Defendants filed, inter alia, a motion to vacate the Court’s Alternative Service Order. At oral argument, the Court asked how Plaintiff verified that the consulting firm “made reasonable efforts to ensure that Defendants’ addresses were not known.” Plaintiff stated that it was not aware of the steps the consulting firm took to discover the addresses.

The Court granted Defendants’ motion to vacate the Alternative Service Order and quashed service on Defendants.

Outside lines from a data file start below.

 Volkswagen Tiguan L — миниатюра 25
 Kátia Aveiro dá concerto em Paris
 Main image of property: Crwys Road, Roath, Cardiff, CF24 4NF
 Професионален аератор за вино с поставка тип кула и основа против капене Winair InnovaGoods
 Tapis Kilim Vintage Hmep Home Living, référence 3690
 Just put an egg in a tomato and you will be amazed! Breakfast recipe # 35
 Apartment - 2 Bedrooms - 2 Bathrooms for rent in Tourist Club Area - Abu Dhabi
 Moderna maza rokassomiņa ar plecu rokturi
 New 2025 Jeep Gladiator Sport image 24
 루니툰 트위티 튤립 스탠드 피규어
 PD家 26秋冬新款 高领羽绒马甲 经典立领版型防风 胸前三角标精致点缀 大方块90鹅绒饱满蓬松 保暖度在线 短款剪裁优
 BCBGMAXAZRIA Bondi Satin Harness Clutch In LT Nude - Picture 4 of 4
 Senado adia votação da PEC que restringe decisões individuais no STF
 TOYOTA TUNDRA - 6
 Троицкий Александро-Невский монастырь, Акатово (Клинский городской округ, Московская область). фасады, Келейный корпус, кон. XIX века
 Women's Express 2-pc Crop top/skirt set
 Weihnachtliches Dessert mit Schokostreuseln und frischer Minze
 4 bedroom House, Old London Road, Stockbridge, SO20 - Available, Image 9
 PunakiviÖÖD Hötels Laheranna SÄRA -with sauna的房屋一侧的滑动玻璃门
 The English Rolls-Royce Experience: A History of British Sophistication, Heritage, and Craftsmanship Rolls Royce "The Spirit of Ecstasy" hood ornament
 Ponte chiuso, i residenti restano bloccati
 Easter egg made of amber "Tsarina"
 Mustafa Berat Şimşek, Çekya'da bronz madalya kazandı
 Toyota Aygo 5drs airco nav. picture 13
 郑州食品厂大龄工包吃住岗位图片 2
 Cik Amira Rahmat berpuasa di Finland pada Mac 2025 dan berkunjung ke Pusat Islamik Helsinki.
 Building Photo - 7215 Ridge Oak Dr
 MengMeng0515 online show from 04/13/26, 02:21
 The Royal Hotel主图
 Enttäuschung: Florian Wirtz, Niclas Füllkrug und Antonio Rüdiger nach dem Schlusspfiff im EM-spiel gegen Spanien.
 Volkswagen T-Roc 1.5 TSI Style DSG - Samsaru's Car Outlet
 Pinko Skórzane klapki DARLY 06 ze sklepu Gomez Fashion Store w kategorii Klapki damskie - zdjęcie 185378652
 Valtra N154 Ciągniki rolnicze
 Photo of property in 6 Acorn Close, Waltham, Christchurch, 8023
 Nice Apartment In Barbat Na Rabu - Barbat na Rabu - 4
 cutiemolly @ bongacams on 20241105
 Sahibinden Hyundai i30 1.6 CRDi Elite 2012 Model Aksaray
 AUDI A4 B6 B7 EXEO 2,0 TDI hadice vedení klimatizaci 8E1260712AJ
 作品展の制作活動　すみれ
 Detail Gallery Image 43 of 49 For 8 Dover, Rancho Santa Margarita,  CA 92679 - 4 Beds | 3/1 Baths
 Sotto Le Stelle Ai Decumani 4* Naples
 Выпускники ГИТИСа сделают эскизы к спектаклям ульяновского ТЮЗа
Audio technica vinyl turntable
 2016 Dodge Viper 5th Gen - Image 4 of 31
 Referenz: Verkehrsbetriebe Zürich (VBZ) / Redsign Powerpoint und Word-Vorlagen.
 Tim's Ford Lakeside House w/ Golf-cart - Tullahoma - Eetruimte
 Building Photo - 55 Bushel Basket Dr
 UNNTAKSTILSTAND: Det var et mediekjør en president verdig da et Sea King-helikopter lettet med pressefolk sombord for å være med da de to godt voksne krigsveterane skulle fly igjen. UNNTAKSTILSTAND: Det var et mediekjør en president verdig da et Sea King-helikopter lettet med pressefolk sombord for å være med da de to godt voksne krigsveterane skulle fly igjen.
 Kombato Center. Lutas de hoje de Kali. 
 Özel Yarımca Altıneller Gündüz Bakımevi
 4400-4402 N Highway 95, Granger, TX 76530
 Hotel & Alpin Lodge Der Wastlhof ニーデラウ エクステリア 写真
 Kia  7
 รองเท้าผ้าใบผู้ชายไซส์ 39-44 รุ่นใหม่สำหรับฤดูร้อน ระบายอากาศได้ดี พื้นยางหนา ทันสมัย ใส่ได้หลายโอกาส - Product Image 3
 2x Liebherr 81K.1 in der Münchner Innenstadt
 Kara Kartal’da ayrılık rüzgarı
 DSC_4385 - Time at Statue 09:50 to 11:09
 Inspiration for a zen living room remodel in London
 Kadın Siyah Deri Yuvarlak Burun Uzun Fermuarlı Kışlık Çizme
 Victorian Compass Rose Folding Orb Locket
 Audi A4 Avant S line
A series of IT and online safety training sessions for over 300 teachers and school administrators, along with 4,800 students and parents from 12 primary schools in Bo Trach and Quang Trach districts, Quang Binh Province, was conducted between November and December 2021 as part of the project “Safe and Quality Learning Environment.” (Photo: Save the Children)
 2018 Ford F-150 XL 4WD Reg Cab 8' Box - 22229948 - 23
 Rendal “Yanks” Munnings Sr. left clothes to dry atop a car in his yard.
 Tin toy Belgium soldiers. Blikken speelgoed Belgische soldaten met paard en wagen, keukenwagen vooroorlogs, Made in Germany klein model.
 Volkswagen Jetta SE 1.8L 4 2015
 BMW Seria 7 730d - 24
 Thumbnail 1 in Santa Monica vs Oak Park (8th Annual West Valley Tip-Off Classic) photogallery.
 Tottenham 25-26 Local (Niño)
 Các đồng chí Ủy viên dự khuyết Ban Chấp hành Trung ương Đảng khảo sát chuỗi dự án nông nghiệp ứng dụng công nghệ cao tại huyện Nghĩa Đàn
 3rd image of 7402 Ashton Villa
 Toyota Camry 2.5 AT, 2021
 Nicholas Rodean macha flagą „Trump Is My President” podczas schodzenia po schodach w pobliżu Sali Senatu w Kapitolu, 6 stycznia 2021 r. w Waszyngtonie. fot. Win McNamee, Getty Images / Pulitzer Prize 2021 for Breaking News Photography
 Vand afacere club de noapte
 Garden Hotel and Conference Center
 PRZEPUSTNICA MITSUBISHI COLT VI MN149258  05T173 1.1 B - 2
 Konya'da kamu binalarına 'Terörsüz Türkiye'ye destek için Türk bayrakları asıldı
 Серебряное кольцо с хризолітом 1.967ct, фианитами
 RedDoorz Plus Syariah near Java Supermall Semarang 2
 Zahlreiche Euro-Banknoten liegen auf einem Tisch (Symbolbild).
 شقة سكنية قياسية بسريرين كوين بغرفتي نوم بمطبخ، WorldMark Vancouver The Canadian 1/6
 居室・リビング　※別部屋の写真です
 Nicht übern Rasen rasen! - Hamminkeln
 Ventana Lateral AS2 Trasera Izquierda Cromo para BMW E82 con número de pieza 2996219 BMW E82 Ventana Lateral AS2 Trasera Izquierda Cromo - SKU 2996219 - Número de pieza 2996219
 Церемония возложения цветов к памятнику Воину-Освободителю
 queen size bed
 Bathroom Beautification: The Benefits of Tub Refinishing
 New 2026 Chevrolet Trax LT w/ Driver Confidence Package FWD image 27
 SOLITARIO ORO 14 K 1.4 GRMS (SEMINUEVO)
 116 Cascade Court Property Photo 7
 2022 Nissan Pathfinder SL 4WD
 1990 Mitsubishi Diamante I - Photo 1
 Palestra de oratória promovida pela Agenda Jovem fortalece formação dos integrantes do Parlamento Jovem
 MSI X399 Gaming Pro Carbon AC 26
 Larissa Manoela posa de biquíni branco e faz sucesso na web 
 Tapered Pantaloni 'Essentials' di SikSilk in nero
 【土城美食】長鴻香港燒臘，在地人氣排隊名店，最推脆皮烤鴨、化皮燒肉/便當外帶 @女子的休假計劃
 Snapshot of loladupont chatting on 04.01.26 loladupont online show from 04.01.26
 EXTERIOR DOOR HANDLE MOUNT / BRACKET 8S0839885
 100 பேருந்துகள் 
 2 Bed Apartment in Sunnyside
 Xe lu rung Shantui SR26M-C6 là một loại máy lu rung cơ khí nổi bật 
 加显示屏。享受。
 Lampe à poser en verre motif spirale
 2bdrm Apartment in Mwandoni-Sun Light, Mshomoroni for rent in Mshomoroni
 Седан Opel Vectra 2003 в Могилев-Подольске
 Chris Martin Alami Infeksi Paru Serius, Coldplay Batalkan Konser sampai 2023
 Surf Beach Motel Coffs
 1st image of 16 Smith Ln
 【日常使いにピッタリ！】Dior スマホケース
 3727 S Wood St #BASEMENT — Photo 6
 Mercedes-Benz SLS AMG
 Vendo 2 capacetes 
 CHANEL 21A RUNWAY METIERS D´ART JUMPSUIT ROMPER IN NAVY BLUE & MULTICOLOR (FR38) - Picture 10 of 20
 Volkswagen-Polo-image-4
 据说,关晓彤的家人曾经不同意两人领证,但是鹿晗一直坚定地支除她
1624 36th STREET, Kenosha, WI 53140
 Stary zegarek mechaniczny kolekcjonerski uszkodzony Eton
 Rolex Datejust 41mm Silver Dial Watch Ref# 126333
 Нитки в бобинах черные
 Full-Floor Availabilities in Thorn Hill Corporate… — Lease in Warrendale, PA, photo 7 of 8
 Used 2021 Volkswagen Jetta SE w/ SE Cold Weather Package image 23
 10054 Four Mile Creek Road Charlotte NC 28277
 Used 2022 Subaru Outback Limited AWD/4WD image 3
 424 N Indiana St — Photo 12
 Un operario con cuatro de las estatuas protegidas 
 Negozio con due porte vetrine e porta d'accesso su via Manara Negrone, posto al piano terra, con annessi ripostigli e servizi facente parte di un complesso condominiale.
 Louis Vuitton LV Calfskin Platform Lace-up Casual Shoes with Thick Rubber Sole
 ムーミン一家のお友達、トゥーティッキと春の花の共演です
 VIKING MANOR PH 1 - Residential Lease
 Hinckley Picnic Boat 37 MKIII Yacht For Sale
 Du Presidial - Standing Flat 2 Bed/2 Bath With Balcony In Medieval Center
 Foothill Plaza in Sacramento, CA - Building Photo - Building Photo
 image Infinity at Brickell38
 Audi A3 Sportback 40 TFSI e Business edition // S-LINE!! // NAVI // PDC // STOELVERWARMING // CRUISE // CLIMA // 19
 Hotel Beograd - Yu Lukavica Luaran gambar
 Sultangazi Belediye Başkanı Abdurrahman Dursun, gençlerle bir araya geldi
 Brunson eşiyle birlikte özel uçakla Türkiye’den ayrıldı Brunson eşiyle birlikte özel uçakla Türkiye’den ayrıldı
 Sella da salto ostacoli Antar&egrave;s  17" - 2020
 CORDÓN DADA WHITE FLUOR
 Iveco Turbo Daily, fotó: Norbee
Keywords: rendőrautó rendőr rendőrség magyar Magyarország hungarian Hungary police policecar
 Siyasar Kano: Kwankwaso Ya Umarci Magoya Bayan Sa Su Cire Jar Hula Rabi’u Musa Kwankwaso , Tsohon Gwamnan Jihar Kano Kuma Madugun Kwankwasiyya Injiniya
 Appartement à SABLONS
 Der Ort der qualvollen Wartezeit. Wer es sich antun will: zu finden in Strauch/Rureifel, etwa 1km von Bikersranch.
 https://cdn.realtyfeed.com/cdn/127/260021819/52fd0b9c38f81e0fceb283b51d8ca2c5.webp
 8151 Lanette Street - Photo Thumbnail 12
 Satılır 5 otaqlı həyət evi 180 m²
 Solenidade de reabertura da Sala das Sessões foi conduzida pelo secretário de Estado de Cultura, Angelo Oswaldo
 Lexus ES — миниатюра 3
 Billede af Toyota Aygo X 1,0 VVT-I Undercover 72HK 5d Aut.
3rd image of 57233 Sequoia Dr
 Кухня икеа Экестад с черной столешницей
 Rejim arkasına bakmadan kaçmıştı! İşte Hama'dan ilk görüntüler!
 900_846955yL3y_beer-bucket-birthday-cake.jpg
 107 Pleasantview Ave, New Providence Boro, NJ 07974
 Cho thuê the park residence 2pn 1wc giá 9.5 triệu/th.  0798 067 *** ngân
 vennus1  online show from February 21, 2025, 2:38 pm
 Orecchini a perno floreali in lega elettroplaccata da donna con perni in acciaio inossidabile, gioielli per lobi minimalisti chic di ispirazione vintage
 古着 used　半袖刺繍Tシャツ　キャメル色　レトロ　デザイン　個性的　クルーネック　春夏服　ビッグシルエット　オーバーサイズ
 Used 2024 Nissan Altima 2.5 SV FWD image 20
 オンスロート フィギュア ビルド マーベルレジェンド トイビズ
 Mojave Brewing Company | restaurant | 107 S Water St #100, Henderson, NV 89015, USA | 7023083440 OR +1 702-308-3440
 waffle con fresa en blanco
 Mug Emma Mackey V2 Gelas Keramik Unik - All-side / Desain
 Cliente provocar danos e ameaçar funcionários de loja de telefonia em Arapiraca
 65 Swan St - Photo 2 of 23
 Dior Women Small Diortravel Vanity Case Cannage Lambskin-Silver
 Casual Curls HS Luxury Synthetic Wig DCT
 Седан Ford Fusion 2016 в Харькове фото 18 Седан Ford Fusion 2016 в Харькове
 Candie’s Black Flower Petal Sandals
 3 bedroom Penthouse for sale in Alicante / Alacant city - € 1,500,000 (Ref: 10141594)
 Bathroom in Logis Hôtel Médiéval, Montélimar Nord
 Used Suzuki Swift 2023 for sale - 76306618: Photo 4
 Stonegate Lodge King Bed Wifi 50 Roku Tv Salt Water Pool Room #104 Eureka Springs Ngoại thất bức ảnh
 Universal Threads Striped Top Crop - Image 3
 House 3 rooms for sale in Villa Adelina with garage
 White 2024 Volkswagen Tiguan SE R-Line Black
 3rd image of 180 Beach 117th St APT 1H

In doing so, the Court noted that pursuant to FRCP 4(f), service outside the United States can be accomplished via “internationally agreed means of service” like the Hague Convention, another method “that is reasonably calculated to give notice,” or “by other means not prohibited by international agreement, as the court orders.” In order to demonstrate that the Hague Convention was inapplicable in this case, Plaintiff needed to demonstrate that Defendants’ addresses were unknown after exercising “reasonable diligence to discover” those addresses. The Court held that Plaintiff was not reasonably diligent because it could not to explain what steps were taken to find the Defendants’ foreign addresses: “Plaintiff did not explain the basis for [its] assessment, or what steps, if any, [consulting firm] took to confirm this appearance of inaccuracy.” As such, service under the Hague Convention was required.

The case is Spin Master, Ltd. V. Aomore-US, Case No. 23 Civ. 7099 (DEH), 2024 BL 206300 (S.D.N.Y. June 17, 2024)

DISCLAIMER: Because of the generality of this update, the information provided herein may not be applicable in all situations and should not be acted upon without specific legal advice based on particular situations.